Frequently Asked Questions
Q: Can I make the pasta dough ahead of time?
A: Yes, you can prepare the dough up to a day in advance. Wrap it tightly in plastic wrap and refrigerate; let it come to room temperature for 30 minutes before rolling. This can make your date-night cooking even more relaxed and intimate.
Q: What if I don’t have a ravioli cutter?
A: No worries—a round cookie cutter, glass, or even a knife works perfectly. For a rustic touch, you can hand-cut squares or circles. The shape matters less than the love you put into sealing each one.
Q: How do I prevent the ravioli from bursting while cooking?
A: Ensure edges are well-sealed and avoid overfilling. Cook in gently simmering water, not a rolling boil, and handle them delicately with a slotted spoon. A little practice makes this process seamless.

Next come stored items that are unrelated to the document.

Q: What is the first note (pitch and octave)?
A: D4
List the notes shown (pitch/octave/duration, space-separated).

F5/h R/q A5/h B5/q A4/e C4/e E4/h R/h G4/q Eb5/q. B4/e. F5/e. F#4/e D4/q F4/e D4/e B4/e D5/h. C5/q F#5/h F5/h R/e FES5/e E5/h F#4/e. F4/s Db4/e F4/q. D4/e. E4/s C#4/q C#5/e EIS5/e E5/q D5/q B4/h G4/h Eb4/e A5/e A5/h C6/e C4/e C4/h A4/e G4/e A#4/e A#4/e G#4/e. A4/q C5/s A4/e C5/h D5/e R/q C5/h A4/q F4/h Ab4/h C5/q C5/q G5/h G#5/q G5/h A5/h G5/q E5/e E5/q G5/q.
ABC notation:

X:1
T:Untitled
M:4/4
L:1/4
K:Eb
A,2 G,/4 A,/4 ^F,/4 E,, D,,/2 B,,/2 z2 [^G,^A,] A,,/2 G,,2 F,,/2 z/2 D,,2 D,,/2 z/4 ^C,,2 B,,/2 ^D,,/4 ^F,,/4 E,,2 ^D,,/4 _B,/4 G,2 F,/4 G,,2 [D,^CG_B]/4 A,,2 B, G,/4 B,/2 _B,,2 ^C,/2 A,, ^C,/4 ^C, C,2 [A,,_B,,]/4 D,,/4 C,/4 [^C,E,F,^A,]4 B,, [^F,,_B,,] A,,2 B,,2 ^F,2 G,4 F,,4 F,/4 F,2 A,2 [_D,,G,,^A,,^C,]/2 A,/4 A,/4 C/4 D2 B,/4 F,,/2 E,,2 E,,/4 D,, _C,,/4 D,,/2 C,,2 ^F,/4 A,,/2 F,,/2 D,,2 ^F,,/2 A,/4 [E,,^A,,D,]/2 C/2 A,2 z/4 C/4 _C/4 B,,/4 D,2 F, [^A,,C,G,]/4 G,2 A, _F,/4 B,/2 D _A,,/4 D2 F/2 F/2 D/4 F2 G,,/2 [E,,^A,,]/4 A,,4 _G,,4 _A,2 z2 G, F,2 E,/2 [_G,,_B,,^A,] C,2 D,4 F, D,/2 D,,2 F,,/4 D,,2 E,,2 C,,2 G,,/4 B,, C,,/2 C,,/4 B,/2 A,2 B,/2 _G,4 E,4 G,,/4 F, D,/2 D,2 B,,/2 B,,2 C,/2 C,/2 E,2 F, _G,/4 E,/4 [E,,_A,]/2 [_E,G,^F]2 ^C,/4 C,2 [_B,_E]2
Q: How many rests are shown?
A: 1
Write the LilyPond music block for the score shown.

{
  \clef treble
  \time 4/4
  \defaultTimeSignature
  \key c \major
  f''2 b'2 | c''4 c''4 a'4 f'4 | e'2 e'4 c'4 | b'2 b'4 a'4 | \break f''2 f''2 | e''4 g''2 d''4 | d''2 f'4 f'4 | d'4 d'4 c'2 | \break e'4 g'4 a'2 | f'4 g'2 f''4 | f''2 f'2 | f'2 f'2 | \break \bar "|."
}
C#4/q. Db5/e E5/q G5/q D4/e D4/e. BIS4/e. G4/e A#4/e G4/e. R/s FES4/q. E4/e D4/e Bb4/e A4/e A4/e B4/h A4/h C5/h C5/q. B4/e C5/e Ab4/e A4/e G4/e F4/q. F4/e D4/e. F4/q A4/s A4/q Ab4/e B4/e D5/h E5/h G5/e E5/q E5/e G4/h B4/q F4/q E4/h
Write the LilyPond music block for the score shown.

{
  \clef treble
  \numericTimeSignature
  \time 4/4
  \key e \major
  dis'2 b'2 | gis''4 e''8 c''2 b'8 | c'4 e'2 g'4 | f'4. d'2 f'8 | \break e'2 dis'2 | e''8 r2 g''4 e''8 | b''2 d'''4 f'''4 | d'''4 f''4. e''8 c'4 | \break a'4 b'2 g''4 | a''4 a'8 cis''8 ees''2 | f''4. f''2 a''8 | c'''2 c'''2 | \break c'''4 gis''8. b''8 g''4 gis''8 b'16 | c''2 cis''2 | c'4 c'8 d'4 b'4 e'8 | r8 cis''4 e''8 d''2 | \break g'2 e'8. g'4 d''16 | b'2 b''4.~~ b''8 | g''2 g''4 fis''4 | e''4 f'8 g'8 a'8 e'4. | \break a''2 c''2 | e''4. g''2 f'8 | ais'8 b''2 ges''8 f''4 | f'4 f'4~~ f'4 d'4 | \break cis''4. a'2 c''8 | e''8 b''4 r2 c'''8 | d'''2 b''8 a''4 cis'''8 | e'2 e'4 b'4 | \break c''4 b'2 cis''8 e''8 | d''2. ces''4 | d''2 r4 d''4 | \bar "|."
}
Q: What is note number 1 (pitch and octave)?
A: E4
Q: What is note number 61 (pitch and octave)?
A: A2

Q: Can I freeze uncooked ravioli?
A: Absolutely. Freeze them on a baking sheet until solid, then transfer to a freezer bag. Cook from frozen, adding an extra minute or two to the boiling time—ideal for spontaneous romantic dinners.
Q: What wine pairs well with this dish?
A: A crisp Pinot Grigio or a light Chardonnay complements the creamy filling and brown butter beautifully. For red lovers, a soft Pinot Noir works wonderfully without overpowering the delicate flavors.
Summary
This spinach ravioli pasta recipe transforms simple ingredients into an elegant, homemade meal perfect for two. With vibrant green pasta, a creamy ricotta filling, and a nutty brown butter sauce, it’s a dish that feels as special to make as it is to share.